KEY POINTS:
Conventional financial wisdom has long held that you should use any spare money - either lump sum or ongoing income - to pay off the mortgage. There are a few exceptions (KiwiSaver and other subsidised super schemes in particular) but as an adviser I have, for a long time, told most people to get rid of the mortgage before starting to invest.
The thinking behind this has been that with mortgage interest rates sitting where they have been recently at around 9 per cent, you have to find an investment which returns more than 9 per cent after tax to be as well off. That is not easy to do - it is not impossible, but you have to take a lot of risk to do it.
However, mortgage interest rates have fallen and will almost certainly continue to fall. This means we have to review the numbers, re-examine conventional wisdom and look afresh at whether people should still pay off the mortgage in priority to making investments.
The investment return threshold that investors with mortgages need to meet to be better off than if they just paid down their mortgages is now nearer 6 per cent rather than the 9-10 per cent that it was just a few months ago. So if you have some spare money, the question is: Can you find investments that will give you 6 per cent after tax?
The answer is yes - shares and units in listed commercial property trusts should give combined dividends and capital growth over the next decade or so surpassing 6 per cent. These markets have already fallen greatly and although they may fall further, I would be surprised if the after-tax returns from shares and listed commercial property trusts did not exceed this return level.
In my view there is a substantial group of people who should pay as little off the mortgage as possible and get ready to invest the surpluses they have.
This strategy has some risk: First, interest rates could shoot back up again - unlikely to happen any time soon, I think, but always possible. Second, the markets may remain flat for years. There is a greater chance of this as there may indeed be little or no capital growth for a decade.
However New Zealand shares and listed property trusts offer such good dividend yields at present that even without capital growth, you are likely to beat that 6 per cent threshold.
Although there is risk, it is less than it was a year ago when the share market index was at 4000 (currently 2700) and mortgage interest rates were higher.
If you want to be safe, carry on paying off the mortgage as fast as you can - as rates fall, keep paying at least the same amount as you were when rates were high. You will get an effective 6 per cent return on your money after tax.

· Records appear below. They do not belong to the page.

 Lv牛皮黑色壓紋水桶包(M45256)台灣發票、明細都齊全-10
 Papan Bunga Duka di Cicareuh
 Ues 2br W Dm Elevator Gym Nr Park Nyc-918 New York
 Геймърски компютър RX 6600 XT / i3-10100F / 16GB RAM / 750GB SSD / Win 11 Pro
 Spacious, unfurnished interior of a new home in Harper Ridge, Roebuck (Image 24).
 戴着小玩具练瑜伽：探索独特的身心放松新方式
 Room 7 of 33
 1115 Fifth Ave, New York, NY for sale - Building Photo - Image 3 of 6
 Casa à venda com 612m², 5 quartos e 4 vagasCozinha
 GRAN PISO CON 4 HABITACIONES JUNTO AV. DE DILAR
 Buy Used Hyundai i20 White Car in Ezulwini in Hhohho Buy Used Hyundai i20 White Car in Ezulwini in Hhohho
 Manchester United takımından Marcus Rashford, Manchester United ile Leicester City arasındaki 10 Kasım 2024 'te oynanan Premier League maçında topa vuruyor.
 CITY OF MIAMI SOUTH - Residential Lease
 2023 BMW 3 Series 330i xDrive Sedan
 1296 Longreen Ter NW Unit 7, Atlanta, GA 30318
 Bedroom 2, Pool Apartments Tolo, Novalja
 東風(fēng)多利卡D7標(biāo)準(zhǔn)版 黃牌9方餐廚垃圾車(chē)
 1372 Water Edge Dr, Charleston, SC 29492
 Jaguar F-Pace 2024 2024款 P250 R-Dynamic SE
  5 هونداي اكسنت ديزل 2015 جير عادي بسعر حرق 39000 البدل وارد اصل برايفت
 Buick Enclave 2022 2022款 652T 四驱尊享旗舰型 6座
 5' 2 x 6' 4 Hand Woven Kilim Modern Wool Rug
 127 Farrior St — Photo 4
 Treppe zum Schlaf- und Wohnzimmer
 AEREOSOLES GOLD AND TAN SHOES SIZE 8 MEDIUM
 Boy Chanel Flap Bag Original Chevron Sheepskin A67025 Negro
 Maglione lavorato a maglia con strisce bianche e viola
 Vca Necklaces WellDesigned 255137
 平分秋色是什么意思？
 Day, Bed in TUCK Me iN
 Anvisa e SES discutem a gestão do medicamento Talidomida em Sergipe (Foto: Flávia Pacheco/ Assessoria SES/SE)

However, if you have secure income from your job or business and are prepared to take on risk, hoard cash and get ready to make some profitable investments.
The coming year or two will see some great investment opportunities for those who are bold. You will need to get good advice and think long term.
Although this recession will be hurtful for most, there will be a group who will use it to create real wealth. The time is probably not quite yet, but you should be getting ready to steal some bargains.